Tuttavia, l’utilizzo automatico dei dati per fini di addestramento non è piaciuto a molti iscritti, soprattutto per la scelta di rendere la funzione attiva di default, costringendo gli utenti a un’azione consapevole per negare il consenso. LinkedIn ha chiarito che la disattivazione è possibile in qualsiasi momento attraverso due canali:

  1. Dalle impostazioni del profilo: basta accedere alla sezione Impostazioni e privacy, poi a Privacy dei dati, e infine disattivare l’opzione “Dati per migliorare l’IA generativa” cliccando sul pulsante No.

  2. Tramite modulo online: si può compilare un apposito form disponibile sul sito ufficiale di LinkedIn, all’indirizzo https://www.linkedin.com/help/linkedin/ask/TS-DPRO, per richiedere formalmente la disattivazione.

La piattaforma sottolinea che la scelta non influirà sull’esperienza d’uso né sulle funzionalità di base del social, ma impedirà che i propri dati vengano impiegati per scopi di addestramento algoritmico.

La decisione di LinkedIn ha immediatamente attirato l’attenzione delle autorità europee per la protezione dei dati personali, che hanno avviato un coordinamento per verificare la conformità dell’iniziativa al Regolamento generale sulla protezione dei dati (GDPR). In Italia, il Garante Privacy ha confermato di essere “al lavoro con le altre autorità europee” per valutare se l’uso dei dati annunciato dalla società rispetti le norme sul consenso esplicito e sulla limitazione delle finalità.

La questione è tutt’altro che secondaria: il GDPR prevede che l’utilizzo dei dati personali per finalità diverse da quelle per cui sono stati raccolti richieda un consenso libero, specifico e informato. La scelta di attivare di default l’opzione sull’uso dei dati per l’IA potrebbe dunque sollevare più di una perplessità, anche se LinkedIn sostiene di agire nel pieno rispetto delle regole europee, richiamandosi alla base giuridica del “legittimo interesse”.
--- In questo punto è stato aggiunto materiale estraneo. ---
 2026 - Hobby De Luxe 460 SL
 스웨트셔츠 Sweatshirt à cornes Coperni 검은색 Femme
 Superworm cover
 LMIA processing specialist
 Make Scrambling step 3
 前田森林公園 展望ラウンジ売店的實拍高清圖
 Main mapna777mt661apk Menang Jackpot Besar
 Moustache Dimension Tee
Non è la prima volta che un grande gruppo tecnologico si trova a dover rivedere le proprie pratiche di gestione dei dati. Negli ultimi mesi, casi analoghi hanno coinvolto anche Meta (Facebook e Instagram), che ha dovuto sospendere l’utilizzo dei contenuti europei per l’addestramento dell’IA generativa dopo le obiezioni delle autorità irlandesi e del Board europeo per la protezione dei dati.

Il dibattito, ancora una volta, si muove sul confine fragile tra innovazione tecnologica e tutela dei diritti digitali. Se da un lato le piattaforme sostengono che l’intelligenza artificiale rappresenti una risorsa per migliorare i servizi, dall’altro cresce il timore di una sistematica estrazione di dati personali a fini commerciali, spesso senza la piena consapevolezza degli utenti.
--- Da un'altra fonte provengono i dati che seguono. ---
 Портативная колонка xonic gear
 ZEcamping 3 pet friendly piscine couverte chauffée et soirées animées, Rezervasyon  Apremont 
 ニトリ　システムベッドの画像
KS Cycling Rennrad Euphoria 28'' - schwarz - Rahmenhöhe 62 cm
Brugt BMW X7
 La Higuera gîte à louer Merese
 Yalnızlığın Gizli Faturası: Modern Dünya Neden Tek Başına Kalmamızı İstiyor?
Gli esperti di diritto digitale sottolineano come la vera criticità non risieda solo nell’uso dei dati, ma nella asimmetria informativa tra utenti e piattaforme: “Quando un servizio attiva automaticamente una funzione che implica la raccolta o l’elaborazione di informazioni personali, è difficile parlare di consenso effettivo – spiega un docente di diritto dell’informatica del Politecnico di Milano –. Gli utenti tendono ad accettare per abitudine, spesso senza comprendere le implicazioni”.
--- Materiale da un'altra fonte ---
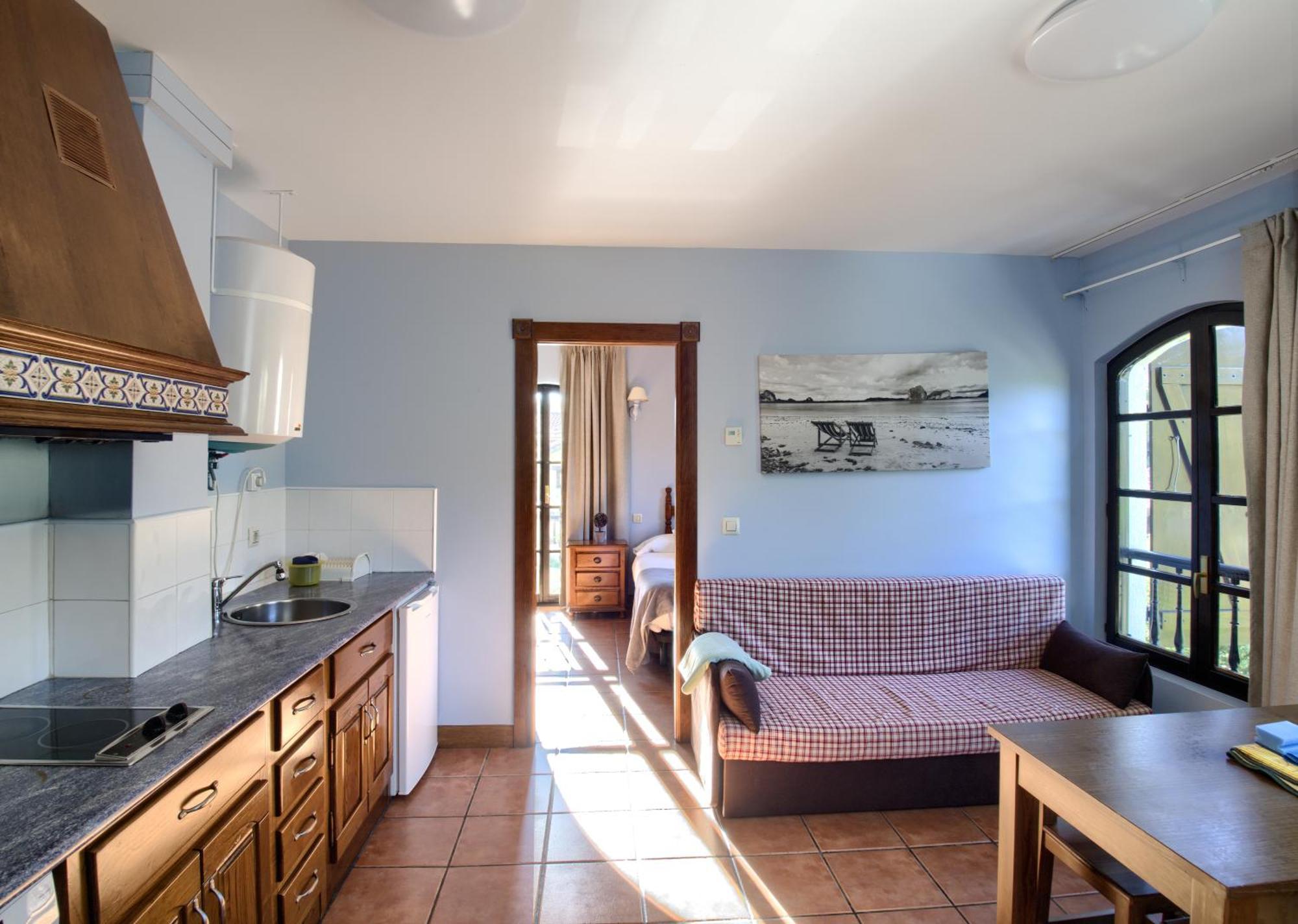 Apartamentos Florinda Ucieda Δωμάτιο φωτογραφία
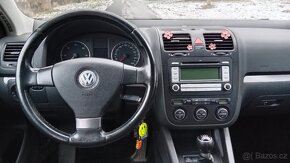 Volkswagen Golf 5 Kombi 2.0 TDi 103kW,2007, KLIMA,TEMPOMAT - 7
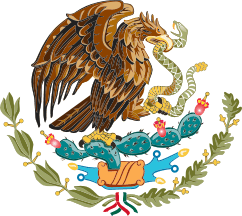 [Mexico - Reverse side of the Coat of Arms]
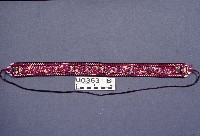 繡花飄帶藏品圖，第1張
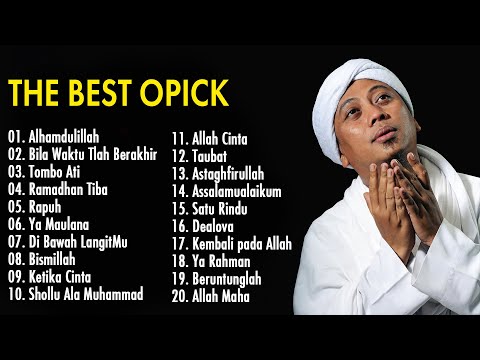 Lagu Religi Opick Terbaru 2026 | Album Islam Paling Menyentuh Hati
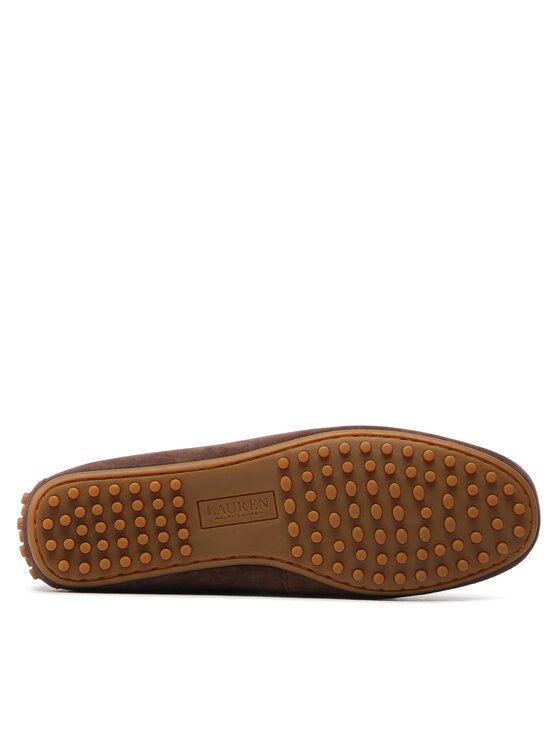 LAUREN RALPH LAUREN Mokasinai Lauren Ralph Lauren Barnsbury 802821629016 Ruda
L’obiettivo dichiarato di LinkedIn è quello di costruire un ecosistema digitale più efficiente, dove l’IA possa aiutare a scrivere post, suggerire connessioni, generare annunci di lavoro o lettere di presentazione personalizzate. Si tratta di funzioni già in fase di test negli Stati Uniti e destinate a espandersi anche in Europa entro il 2026.

In questa visione, l’intelligenza artificiale non sostituirebbe la componente umana del networking professionale, ma la affiancherebbe, rendendo più fluide le interazioni e i processi di selezione. Resta però il problema della gestione etica dei dati: in che misura un algoritmo, addestrato su milioni di profili reali, potrà evitare bias o distorsioni? E soprattutto, chi garantirà che i dati raccolti non vengano utilizzati per altri scopi?

La mossa di LinkedIn apre un precedente importante nel panorama dei social network professionali. Per la prima volta, un colosso globale del lavoro decide di integrare esplicitamente i dati degli utenti europei nei propri processi di addestramento dell’intelligenza artificiale. Se l’iniziativa passerà indenne al vaglio delle autorità, è probabile che anche altre piattaforme seguiranno la stessa strada.

Per gli utenti, la sfida sarà un’altra: prendere consapevolezza del valore dei propri dati. In un’epoca in cui le informazioni personali rappresentano la materia prima dell’innovazione, saper gestire consapevolmente le impostazioni della privacy non è più un dettaglio tecnico, ma un atto di cittadinanza digitale.